My mind and body whirled as I waited for the time to drop off the "bigs" at Gram-Gram's house so I could have an uninterrupted conversation with the doctor about these concerns. In the meantime, I consulted a few friends and the on-call nurse at the peds office to see what I may have been missing. 

Am I overreacting? What can I do better to help my son? Are these symptoms simply nothing? I hoped to find out.

My 1:50pm arrival time came. Just my son and I. We checked in a few minutes early. The normal vitals were taken. So far so good. The "sick-doctor" on-call was one I had never seen before. She knew nothing of our boy's complex arrival (birth) and his even more complex medical history. I showed her the "shoulder-ear twitch" video (as she half watched it while she typed notes) and I talked about my concerns. Her exam was quick, removing some excessive ear wax from his right ear. The exam did not produce any remarkable results only swollen gums...."It's probably just teething. We get at least one case a day related to this. There is nothing to worry about."

I began to cry. (Why am I crying? Because EVERY, Every. Single. Little. Thing. It all seems so complex with our little miracle boy).

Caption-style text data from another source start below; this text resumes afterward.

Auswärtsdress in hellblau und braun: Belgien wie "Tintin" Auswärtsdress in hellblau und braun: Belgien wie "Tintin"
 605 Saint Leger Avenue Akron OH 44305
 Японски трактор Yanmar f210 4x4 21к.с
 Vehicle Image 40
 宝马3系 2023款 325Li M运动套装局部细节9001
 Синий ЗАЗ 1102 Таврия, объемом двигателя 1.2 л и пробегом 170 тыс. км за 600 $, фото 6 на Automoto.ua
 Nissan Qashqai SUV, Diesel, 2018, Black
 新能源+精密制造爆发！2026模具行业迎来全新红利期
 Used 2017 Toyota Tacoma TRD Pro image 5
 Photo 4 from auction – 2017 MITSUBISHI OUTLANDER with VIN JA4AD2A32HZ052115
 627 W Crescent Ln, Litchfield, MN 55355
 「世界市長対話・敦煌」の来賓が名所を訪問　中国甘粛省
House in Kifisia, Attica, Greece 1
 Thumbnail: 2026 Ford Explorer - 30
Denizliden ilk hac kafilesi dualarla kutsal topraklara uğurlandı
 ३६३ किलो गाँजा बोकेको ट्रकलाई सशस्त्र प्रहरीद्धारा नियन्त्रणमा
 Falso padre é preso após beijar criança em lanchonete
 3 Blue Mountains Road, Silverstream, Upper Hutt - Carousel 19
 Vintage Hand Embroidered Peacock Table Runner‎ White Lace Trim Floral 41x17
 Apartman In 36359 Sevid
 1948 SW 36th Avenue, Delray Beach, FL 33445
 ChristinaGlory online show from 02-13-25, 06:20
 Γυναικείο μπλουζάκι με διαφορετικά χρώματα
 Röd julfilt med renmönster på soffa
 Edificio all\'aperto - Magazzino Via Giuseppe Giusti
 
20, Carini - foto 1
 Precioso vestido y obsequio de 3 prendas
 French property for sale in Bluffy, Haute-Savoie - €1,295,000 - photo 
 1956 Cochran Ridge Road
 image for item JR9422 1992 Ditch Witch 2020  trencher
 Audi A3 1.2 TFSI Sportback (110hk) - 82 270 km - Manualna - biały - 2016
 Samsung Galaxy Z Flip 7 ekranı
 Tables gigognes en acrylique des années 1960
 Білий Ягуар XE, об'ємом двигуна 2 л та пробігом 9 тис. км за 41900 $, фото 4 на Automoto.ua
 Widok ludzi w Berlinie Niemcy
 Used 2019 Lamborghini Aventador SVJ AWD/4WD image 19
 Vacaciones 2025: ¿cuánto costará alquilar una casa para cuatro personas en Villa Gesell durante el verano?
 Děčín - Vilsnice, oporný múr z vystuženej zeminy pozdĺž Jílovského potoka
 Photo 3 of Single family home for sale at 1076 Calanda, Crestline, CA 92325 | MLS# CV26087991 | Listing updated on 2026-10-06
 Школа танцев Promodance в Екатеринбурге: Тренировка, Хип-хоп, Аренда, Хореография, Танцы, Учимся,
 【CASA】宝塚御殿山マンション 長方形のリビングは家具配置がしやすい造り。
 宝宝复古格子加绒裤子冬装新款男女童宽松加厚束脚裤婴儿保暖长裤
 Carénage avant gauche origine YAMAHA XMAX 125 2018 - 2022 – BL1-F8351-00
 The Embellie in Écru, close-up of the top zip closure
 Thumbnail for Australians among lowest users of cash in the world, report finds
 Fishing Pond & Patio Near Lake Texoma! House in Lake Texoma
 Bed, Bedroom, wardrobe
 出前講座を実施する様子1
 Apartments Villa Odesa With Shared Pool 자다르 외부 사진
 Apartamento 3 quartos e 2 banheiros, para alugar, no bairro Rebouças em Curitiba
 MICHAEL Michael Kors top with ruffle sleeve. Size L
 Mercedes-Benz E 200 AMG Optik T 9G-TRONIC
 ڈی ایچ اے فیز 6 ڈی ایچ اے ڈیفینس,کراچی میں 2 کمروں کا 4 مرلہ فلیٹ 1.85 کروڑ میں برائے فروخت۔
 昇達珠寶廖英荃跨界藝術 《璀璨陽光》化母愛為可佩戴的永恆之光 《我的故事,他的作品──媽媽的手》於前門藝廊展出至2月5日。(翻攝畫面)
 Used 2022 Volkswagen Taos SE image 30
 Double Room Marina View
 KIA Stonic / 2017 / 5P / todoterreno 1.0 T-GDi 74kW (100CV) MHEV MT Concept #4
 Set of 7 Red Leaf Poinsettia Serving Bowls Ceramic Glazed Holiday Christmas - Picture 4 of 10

Really...nothing to worry about?!? Do you know my son? Do you know that I thought he was close to death on at least 2-3 occasions? Worry? I worry about EVERYTHING with this boy (despite what the Bible says about this). I worry when he sleeps on his face. I worry that he will have to wear leg braces to walk. I worry about the two cavities he has and how I could have done better at keeping his mouth clean regardless of all of those sugary medications he was on for almost a year. I worry about his oxygen levels when his lips turn slightly blue because he is cold. I now worry about this shoulder-ear twitch "thing" that the doctor did not seemed too interested in. Maybe she is right. Maybe it is nothing. Maybe it is just teething. Or maybe it is more than that. Either way, I must put my trust in the Lord and also trust the instincts He has given to me.

For now, I am exhausted, Our littlest is now sleeping and the "bigs" tear up the house. And here I am, typing. I guess I am just not over what happened last year leading up to his birth and the months that followed. It is a process, I guess I just have to keep trusting the Lord for all of the things He spoke to me, His unfailing promises. And time...and patience. I have to trust that time (whether a few hours, or a few days) will reveal if there is truly something wrong or if it is simply "nothing to worry about."

So...just teething and an emotional, exhausted momma....that is the diagnosis.